EXERCISE PROMPT: When you have gone through the records, report how many lines include "sich", giving the number and nothing more.

SOURCE DATA:
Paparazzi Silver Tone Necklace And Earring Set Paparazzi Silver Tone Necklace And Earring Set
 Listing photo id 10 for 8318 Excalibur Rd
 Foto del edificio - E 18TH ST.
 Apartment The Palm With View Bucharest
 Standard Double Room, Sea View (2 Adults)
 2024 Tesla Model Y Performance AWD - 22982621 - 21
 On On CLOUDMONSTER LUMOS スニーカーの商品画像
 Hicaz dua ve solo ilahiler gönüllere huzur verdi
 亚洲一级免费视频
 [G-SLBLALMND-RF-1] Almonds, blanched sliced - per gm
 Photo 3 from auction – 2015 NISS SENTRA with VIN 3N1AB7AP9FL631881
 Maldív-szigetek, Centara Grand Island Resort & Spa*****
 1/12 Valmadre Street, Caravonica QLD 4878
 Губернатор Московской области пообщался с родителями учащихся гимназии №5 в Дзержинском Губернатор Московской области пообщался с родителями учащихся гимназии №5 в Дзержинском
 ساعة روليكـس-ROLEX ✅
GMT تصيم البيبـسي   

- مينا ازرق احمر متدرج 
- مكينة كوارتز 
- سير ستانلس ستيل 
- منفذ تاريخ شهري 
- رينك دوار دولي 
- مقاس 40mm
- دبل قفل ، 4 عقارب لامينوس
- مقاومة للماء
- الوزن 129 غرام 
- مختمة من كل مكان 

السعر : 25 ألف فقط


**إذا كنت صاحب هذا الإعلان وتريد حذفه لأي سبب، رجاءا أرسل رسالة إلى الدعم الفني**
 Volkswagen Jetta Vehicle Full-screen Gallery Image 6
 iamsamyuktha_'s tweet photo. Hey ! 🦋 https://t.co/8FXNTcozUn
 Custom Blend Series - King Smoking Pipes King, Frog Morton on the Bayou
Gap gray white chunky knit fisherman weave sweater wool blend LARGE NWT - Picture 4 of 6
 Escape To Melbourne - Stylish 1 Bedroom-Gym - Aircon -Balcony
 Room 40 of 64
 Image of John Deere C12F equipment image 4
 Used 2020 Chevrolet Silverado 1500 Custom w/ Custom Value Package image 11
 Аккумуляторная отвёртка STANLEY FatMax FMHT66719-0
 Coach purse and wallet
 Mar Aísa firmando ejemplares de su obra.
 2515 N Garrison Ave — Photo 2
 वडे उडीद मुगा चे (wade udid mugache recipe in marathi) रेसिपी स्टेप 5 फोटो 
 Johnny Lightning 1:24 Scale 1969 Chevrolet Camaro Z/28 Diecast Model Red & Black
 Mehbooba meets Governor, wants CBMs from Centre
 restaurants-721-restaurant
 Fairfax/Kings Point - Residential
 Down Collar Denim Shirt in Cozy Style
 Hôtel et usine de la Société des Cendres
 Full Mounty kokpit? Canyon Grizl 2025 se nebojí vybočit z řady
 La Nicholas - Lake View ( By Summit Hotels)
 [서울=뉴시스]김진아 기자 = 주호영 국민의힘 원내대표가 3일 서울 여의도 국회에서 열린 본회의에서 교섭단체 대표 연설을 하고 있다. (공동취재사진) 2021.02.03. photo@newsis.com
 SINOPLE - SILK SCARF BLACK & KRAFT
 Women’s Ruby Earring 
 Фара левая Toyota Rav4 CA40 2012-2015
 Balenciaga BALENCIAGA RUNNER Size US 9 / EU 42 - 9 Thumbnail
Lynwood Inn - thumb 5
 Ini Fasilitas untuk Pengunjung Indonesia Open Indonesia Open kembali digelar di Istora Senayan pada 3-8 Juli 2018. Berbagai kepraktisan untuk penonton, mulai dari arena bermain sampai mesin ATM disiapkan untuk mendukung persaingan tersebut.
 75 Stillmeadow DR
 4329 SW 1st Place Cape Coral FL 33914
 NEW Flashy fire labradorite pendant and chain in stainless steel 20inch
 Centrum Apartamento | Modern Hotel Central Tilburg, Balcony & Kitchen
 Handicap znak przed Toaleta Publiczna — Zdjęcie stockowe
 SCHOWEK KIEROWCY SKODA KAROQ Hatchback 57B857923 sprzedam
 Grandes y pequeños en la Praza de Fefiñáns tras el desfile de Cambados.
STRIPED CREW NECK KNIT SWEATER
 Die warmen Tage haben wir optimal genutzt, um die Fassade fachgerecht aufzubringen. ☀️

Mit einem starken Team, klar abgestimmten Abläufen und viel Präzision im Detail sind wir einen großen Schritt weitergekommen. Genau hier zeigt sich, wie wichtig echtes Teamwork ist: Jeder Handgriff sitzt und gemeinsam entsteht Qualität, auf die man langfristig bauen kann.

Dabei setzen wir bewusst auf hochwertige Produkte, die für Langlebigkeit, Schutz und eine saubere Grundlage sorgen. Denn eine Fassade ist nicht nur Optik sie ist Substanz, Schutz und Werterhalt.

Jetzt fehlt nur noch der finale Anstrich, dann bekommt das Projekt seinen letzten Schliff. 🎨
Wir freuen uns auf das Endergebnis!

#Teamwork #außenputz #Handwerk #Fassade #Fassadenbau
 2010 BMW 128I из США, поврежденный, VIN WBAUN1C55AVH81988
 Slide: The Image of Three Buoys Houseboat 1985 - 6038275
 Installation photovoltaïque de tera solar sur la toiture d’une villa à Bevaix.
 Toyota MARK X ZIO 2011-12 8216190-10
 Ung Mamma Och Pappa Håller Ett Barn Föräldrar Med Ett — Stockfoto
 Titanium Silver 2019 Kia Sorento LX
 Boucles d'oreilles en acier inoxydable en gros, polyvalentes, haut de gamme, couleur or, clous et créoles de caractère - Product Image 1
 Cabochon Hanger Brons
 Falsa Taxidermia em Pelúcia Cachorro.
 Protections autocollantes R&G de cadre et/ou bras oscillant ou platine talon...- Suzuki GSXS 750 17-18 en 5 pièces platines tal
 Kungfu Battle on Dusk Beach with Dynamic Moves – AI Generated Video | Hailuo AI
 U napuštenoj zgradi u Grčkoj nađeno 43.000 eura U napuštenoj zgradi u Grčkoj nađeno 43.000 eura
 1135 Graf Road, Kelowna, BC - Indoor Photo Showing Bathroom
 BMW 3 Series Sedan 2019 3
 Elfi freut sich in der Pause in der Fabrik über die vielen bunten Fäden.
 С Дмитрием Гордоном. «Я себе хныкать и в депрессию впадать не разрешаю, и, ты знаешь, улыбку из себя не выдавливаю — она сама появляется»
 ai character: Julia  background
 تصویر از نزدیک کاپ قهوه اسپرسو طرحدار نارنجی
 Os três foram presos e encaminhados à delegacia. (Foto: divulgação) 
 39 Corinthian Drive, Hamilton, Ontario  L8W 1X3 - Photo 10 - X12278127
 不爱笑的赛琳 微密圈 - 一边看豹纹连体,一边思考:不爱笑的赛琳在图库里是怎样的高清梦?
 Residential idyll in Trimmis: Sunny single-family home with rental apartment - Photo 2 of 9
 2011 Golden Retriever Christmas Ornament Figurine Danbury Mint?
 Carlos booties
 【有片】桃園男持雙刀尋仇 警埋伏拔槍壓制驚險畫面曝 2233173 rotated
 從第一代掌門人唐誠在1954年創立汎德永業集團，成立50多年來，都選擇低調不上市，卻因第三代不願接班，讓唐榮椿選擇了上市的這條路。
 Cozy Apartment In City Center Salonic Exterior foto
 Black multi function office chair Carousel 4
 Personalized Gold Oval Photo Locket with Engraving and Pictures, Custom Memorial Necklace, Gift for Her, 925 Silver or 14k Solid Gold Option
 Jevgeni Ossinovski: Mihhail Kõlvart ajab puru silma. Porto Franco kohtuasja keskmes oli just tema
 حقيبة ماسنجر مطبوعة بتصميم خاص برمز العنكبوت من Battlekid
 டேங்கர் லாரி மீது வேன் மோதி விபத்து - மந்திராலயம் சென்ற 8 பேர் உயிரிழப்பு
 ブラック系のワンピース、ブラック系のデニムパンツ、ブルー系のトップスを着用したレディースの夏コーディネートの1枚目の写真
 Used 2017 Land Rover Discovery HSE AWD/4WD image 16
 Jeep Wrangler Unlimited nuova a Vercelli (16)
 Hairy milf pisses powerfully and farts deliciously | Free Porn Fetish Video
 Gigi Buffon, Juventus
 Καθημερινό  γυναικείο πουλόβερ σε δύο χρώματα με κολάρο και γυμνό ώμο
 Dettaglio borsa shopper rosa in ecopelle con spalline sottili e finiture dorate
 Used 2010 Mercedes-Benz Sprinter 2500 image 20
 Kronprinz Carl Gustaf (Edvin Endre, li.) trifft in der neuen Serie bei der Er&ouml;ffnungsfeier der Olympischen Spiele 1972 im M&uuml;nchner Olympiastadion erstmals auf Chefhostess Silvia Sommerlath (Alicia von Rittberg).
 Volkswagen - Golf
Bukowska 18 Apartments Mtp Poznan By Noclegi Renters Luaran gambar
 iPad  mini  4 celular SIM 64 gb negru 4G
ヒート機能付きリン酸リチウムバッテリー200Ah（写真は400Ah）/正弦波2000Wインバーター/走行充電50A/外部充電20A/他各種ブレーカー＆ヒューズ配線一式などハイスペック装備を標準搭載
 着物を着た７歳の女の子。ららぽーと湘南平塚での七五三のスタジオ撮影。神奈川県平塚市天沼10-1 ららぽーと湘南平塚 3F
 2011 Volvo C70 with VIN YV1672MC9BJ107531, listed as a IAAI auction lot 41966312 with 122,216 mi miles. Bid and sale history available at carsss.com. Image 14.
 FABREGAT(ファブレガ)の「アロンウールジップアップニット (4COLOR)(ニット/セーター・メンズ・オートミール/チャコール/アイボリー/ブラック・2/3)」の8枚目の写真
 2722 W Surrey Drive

RESULT OF THIS EXERCISE: 2